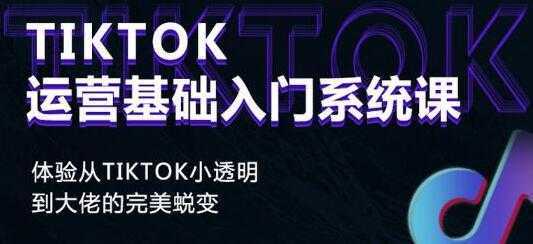 《Tiktok运营基础入门系统课》从tiktok小白到大佬的完美蜕变-全网VIP网赚项目资源网_会员赚钱大全_中创网_福缘网_冒泡网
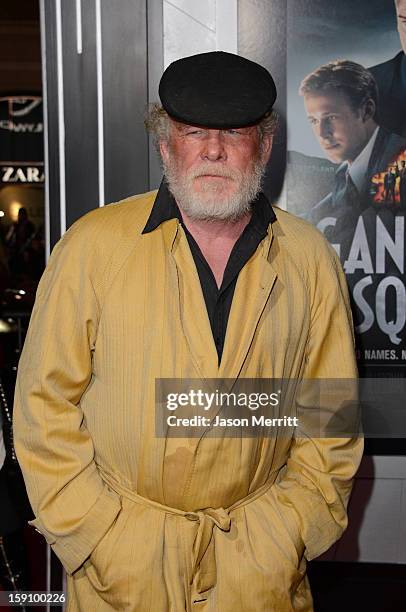 Actor Nick Nolte arrives at Warner Bros. Pictures' 'Gangster Squad' premiere at Grauman's Chinese Theatre on January 7, 2013 in Hollywood, California.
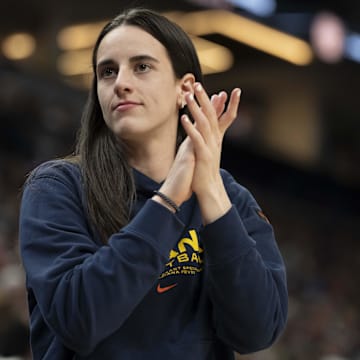 Jul 1, 2025; Minneapolis, Minnesota, USA; Indiana Fever guard Caitlin Clark (22) looks on against the Minnesota Lynx in the second half during the Commissioner's Cup final at Target Center. Mandatory Credit: Jesse Johnson-Imagn Images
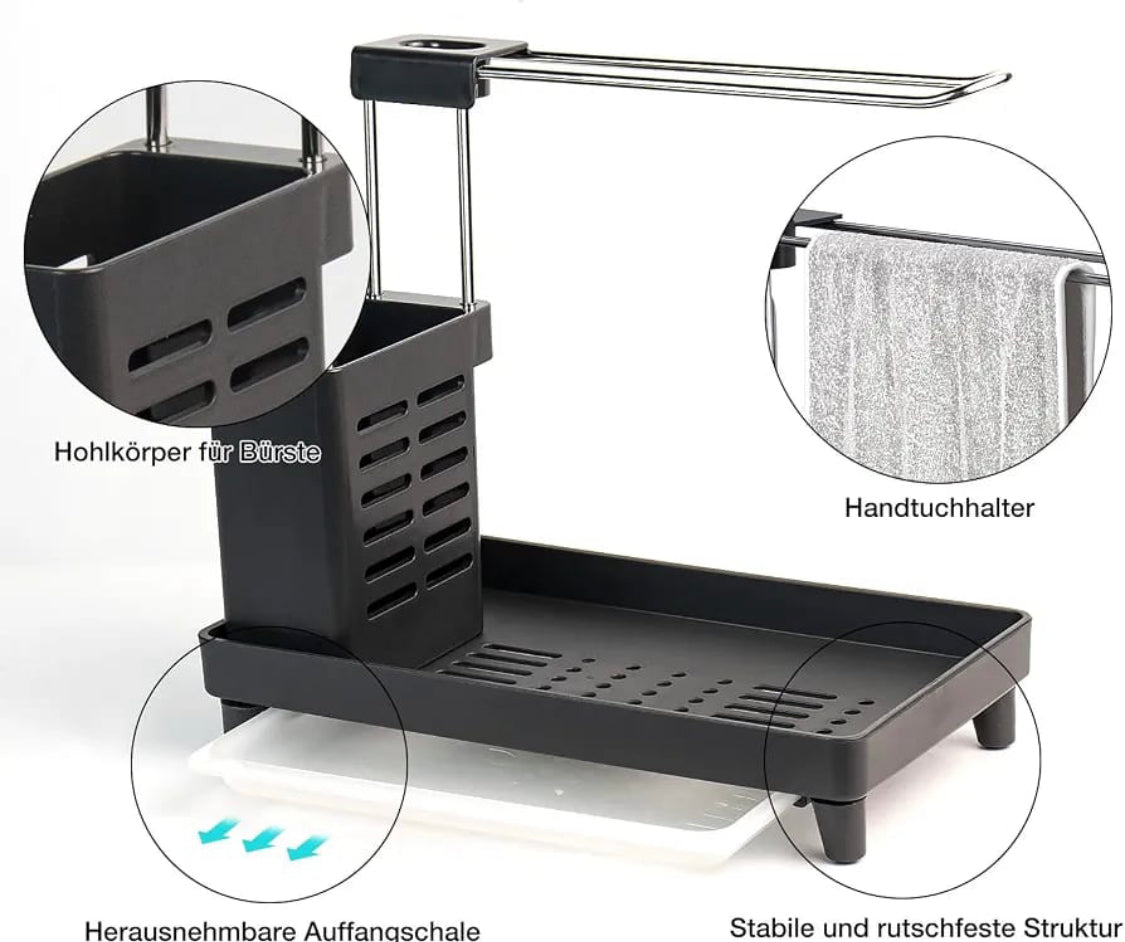 4 In 1 Bathroom Counter Storage Rack, Modern Bathroom Essentials Organizer, Space Saving Bathroom Sink Caddy, Multifunctional Drain Storage Organizer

REQUIRED WORK:
Only the lines from the one with "Jul 1, 2025;" through the last line above belong in the answer. Reproduce them exactly, without the pictures.

RESPONSE TO THIS EXERCISE:
 Jul 1, 2025; Minneapolis, Minnesota, USA; Indiana Fever guard Caitlin Clark (22) looks on against the Minnesota Lynx in the second half during the Commissioner's Cup final at Target Center. Mandatory Credit: Jesse Johnson-Imagn Images
 4 In 1 Bathroom Counter Storage Rack, Modern Bathroom Essentials Organizer, Space Saving Bathroom Sink Caddy, Multifunctional Drain Storage Organizer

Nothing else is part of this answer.